_Source material:_
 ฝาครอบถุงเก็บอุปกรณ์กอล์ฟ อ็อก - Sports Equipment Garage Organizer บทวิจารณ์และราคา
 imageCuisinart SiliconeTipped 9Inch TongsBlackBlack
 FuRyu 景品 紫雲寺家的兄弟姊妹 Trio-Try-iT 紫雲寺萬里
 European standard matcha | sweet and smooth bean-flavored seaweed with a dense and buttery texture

---

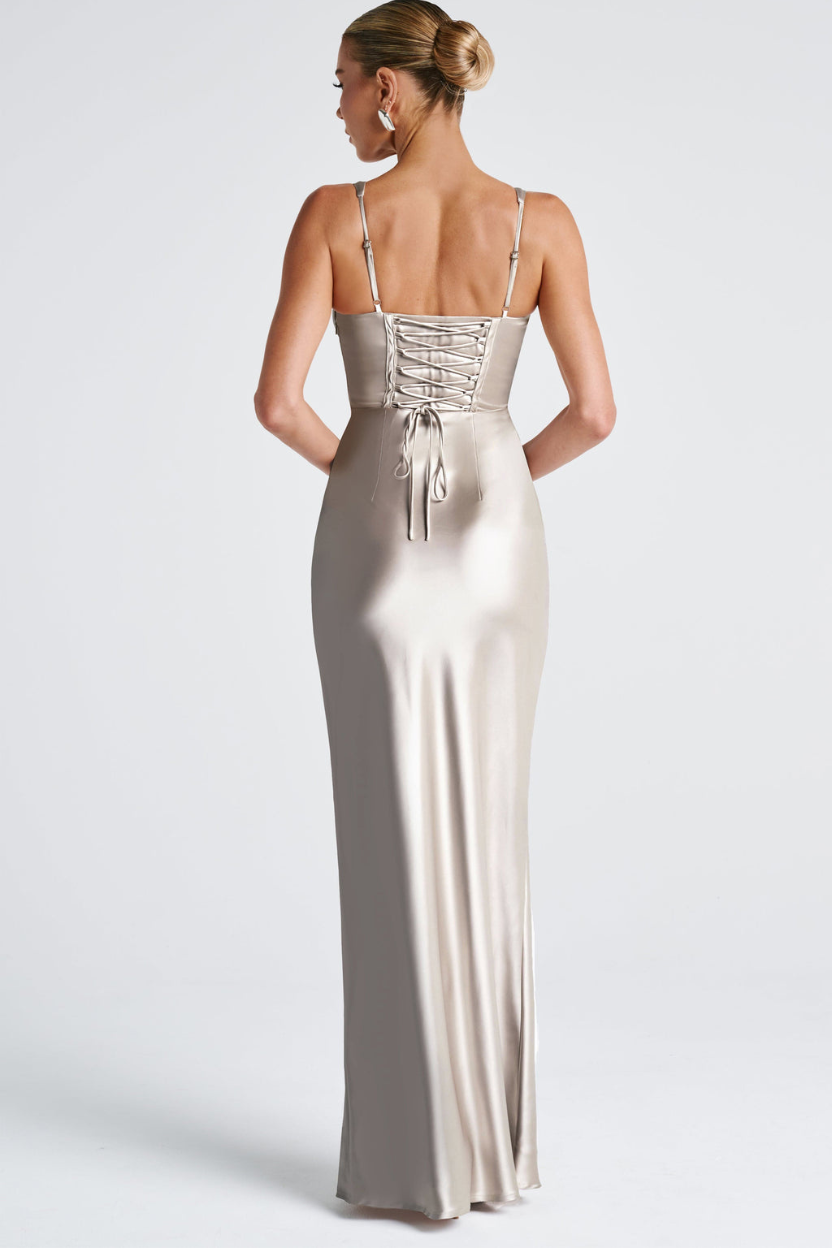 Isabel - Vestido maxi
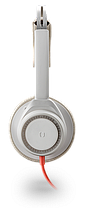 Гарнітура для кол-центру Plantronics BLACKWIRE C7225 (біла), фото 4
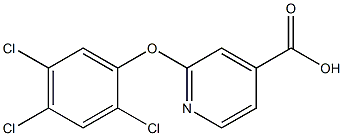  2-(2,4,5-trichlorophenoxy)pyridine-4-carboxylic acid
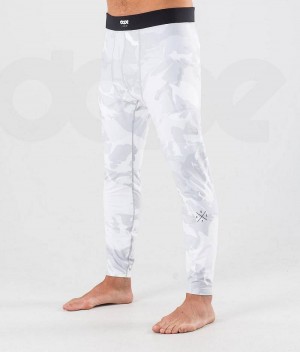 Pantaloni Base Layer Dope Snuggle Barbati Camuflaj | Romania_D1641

...

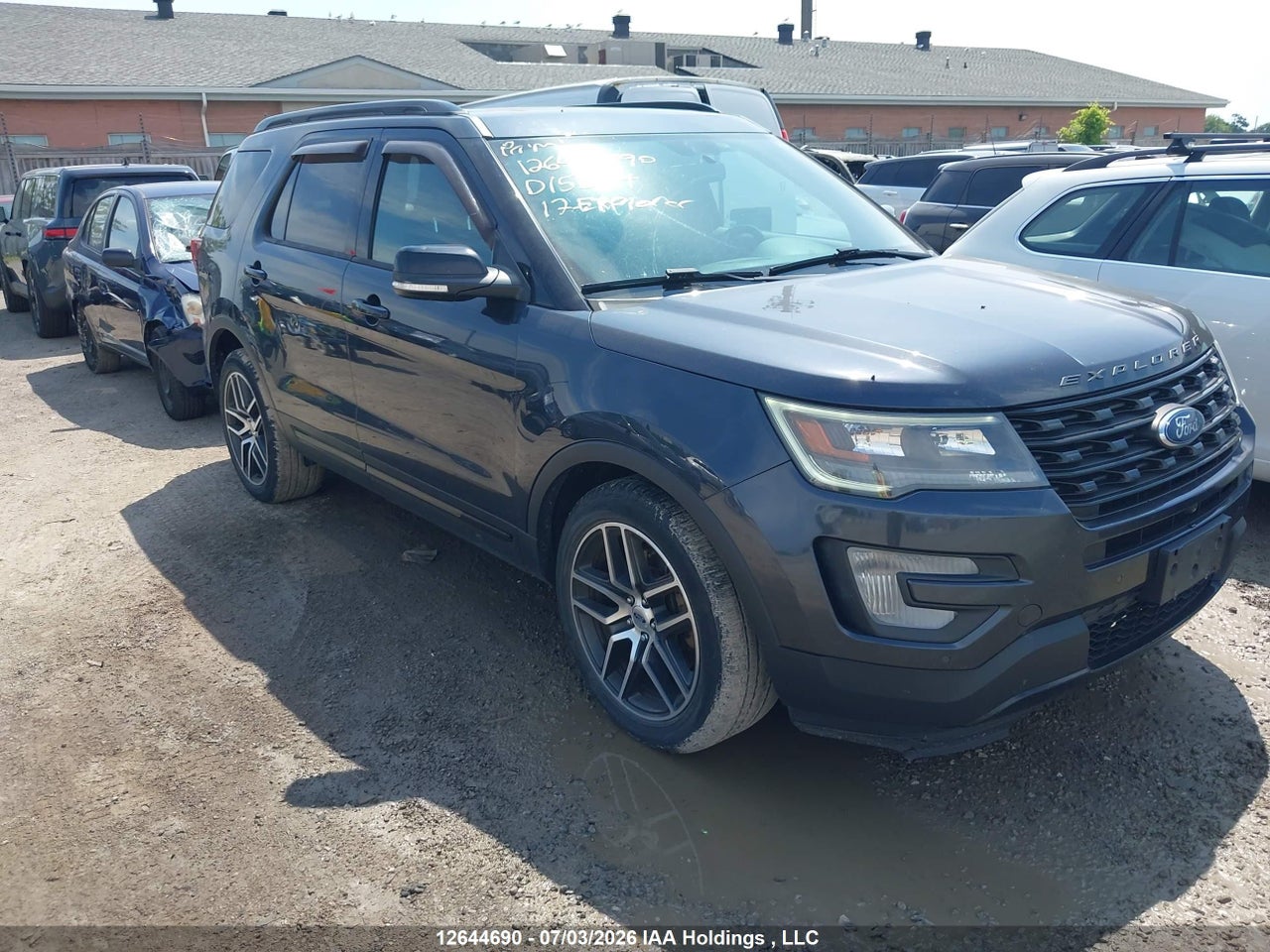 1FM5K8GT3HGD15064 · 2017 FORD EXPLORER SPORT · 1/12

_Problem to work on:_
Take the records above and return, word for word, only the lines that fall from the line with "ฝาครอบถุงเก็บอุปกรณ์กอล์ฟ อ็อก - Sports" to the line with "European standard matcha", both of them included.

_Result:_
 ฝาครอบถุงเก็บอุปกรณ์กอล์ฟ อ็อก - Sports Equipment Garage Organizer บทวิจารณ์และราคา
 imageCuisinart SiliconeTipped 9Inch TongsBlackBlack
 FuRyu 景品 紫雲寺家的兄弟姊妹 Trio-Try-iT 紫雲寺萬里
 European standard matcha | sweet and smooth bean-flavored seaweed with a dense and buttery texture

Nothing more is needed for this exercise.